Auch bekannt als das Buch, in dem Harry in VIELEN Großbuchstaben sprach, ist Harry Potter und der Orden des Phönix ein Wendepunkt für die magische Serie. Harry ist (zu Recht) die personifizierte Traurigkeit und Angst, Voldemort ist nach dem tragischen Tod von Cedric Diggory in „Der Feuerkelch“ zurück und die Zaubererwelt befindet sich in faszinierendem Aufruhr. Der wahre Coup hier ist jedoch die brillante Imelda Staunton als Dolores Umbridge, die Beamtin, die ernannt wurde, um ein „Schurken“-Hogwarts zu regulieren, da das Zaubereiministerium die Rückkehr des Dunklen Lords leugnet.

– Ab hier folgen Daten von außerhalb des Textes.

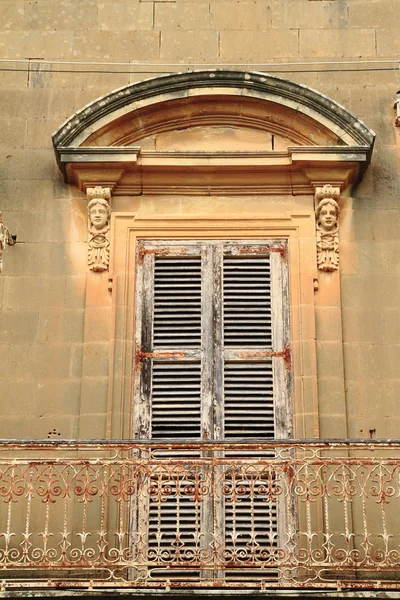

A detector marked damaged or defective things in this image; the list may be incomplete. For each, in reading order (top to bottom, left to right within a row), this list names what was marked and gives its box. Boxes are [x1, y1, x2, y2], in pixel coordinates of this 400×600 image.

rusty iron railing [0, 438, 400, 592]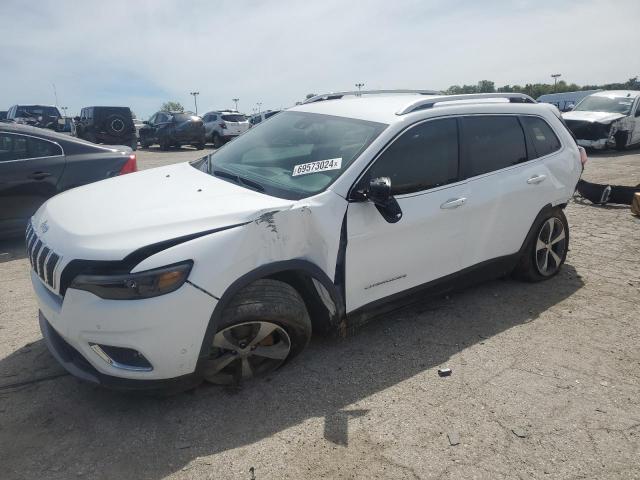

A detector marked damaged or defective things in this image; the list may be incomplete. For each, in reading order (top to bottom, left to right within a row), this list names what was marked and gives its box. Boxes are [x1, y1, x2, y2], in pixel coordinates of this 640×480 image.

Umbridge ist eine wirklich verstörende Kraft, mit der man rechnen muss. Umgeben von Kätzchen, Pink und Deckchen, aber sie foltert Studenten körperlich, indem sie Linien direkt auf ihre Haut ätzt, sie hat eine fröhliche Ruchlosigkeit, die man an der Superschurken-Universität lesen sollte. Es ist auch kein Zufall, dass dies der erste Film ist, bei dem David Yates Regie führte, dessen angeborenes Verständnis von Rowlings Welt den Humor und die Freude von Hogwarts mit der Bosheit von Heerscharen ankommender mörderischer dunkler Zauberer vermischt. Die Komödie von Umbridges ignorierten Erziehungsverordnungen ist perfekt kombiniert mit dem Schmerz von Harrys erster Romanze, der wirbelnden Dunkelheit außerhalb des Geländes von Hogwarts und dem letztendlich schmerzhaften Ende, als der junge Mr. Potter sich wieder einmal sehr allein in der Welt fühlt .
1. Harry Potter und der Gefangene von Askaban (2004)

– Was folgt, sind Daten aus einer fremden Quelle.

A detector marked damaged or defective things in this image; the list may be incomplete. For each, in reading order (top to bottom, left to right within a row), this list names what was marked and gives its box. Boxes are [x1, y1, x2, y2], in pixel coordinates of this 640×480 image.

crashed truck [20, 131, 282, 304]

Und hier haben wir es. Der beste Harry-Potter-Film. Und wage es nicht, mich anzusehen, als hätte ich dich gerade mit einem Fledermaus-Bogey-Fluch getroffen. Harrys drittes Kinoabenteuer ist immer noch das Beste, was das Franchise zu bieten hat. Das düstere Kino von Children of Men-Regisseur Alfonso Cuaron fügt sich perfekt in die von Natur aus verstörende Handlung eines entflohenen Wahnsinnigen ein, der Harry jagt, um ihn zu ermorden. Während die Zauberwelt von Chris Columbus in den ersten beiden Filmen bemerkenswert hell ist, ungeachtet des allmählich zurückkehrenden Geistes von Voldemort, bringt Cuaron etwas wesentlich Verdrehteres und Schwarzer Komisches ins Geschehen. Askaban war schon 2004 ein Hauch düsterer neuer Luft und er steht noch heute.

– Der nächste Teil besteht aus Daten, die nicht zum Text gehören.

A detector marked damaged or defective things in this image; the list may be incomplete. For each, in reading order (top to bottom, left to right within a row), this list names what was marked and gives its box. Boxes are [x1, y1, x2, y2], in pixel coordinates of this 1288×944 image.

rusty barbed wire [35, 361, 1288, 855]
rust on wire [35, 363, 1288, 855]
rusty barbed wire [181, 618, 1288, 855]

Harrys Hotelzimmer in The Leaky Cauldron ist dreckig und mit Staub überzogen, die Explosion von Tante Marge ist köstlich unangenehm, ein Vogel wird glücklich von der Peitschenden Weide gefressen, und Harrys erste Fahrt mit The Knight Bus ist ein surrealistischer Albtraum, der von Lenny Henry erzählt wird : Wenn Sie die Erbsensuppe haben, essen Sie sie unbedingt, bevor sie Sie auffrisst … Und das sogar, bevor die Serie Gary Oldman seine Zähne in Sirius Black, die Freuden des brillanten Timothy Spall als schniefenden Wurmschwanz und die Einführung verbeißen lässt der frostigen Dementoren. Besser und dunkler geht es nicht.